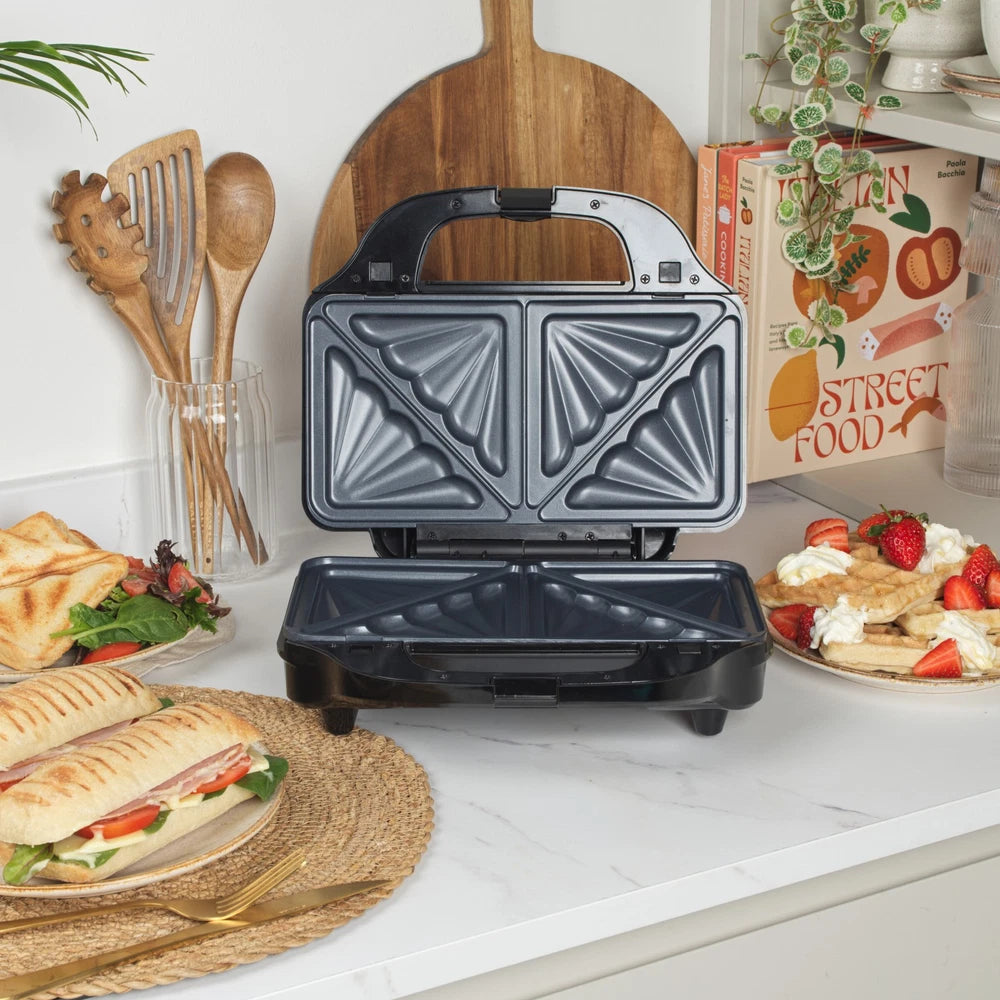 Salter Snack Maker 3-in-1 Sandwich Toaster Waffle Maker Panini Press (Open Box)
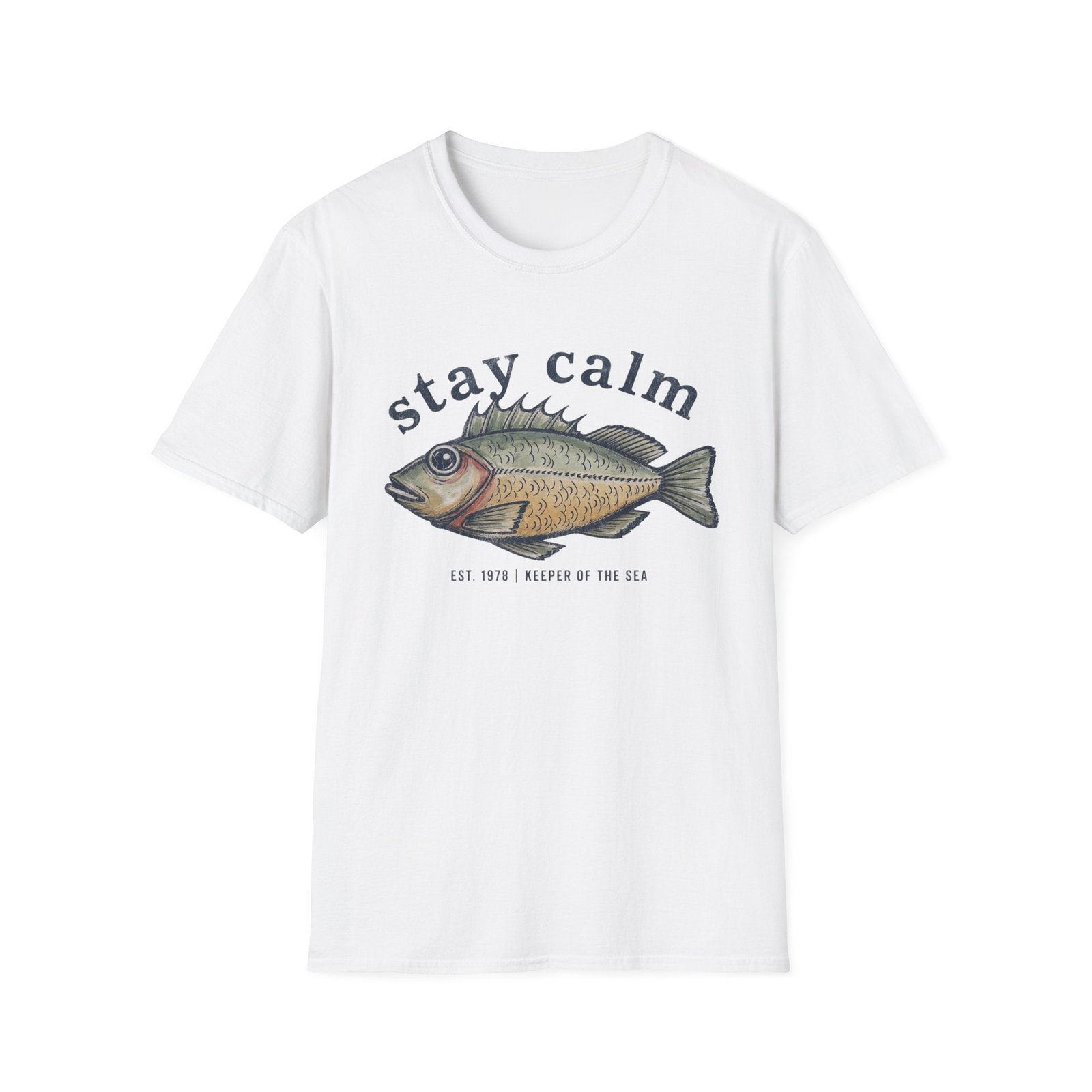 Stay Calm Fish T-Shirt – Vintage Fishing Tee for Anglers & Coastal Style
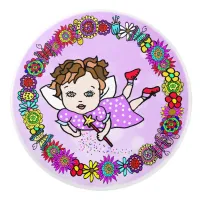 Whimsical Folk Art Fairy with Star Dust Ceramic Knob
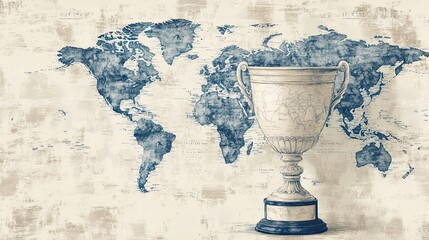 Trophy celebrating global victory on world map background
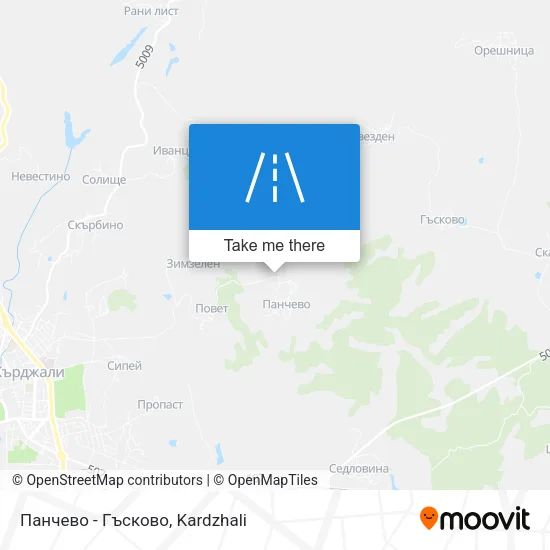Карта Панчево - Гъсково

▶ **Your goal**
Without including any pictures, set down word for word every line from the one containing "Whimsical Folk Art" through the last line of the material.

▶ **Result of the task**
 Whimsical Folk Art Fairy with Star Dust Ceramic Knob
 Trophy celebrating global victory on world map background
Карта Панчево - Гъсково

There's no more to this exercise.